== Exercise prompt ==
The listing below has to be output exactly as given, less its pictures.

== The data ==
══════════

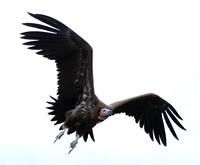 Lappet-faced vulture - Masaï Mara
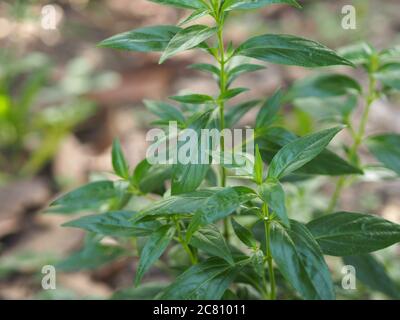 Roi des amers nom scientifique Andrographis Thai herbes soulager mal de gorge, réduire la fièvre, chauffer le froid vert feuilles légume nature protéger coro Banque D'Images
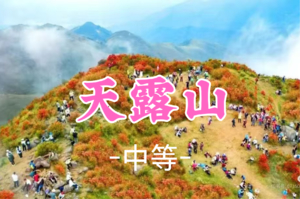 成团！108元起！周四4.2【天露山16公里】徒步云端草原，邂逅千亩高山杜鹃花海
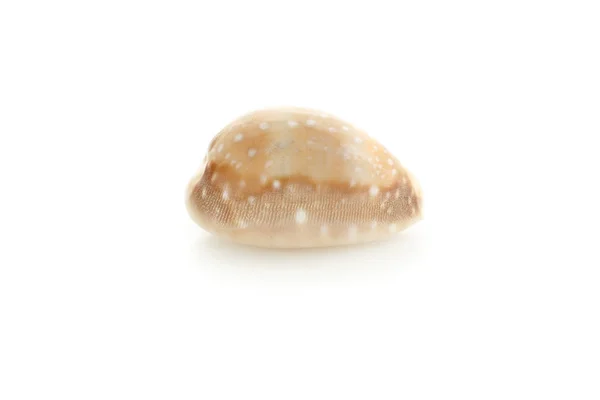 Seashell massage on a white background — Stock Photo, Image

══════════

== Solution ==
 Lappet-faced vulture - Masaï Mara
 Roi des amers nom scientifique Andrographis Thai herbes soulager mal de gorge, réduire la fièvre, chauffer le froid vert feuilles légume nature protéger coro Banque D'Images
 成团！108元起！周四4.2【天露山16公里】徒步云端草原，邂逅千亩高山杜鹃花海
 Seashell massage on a white background — Stock Photo, Image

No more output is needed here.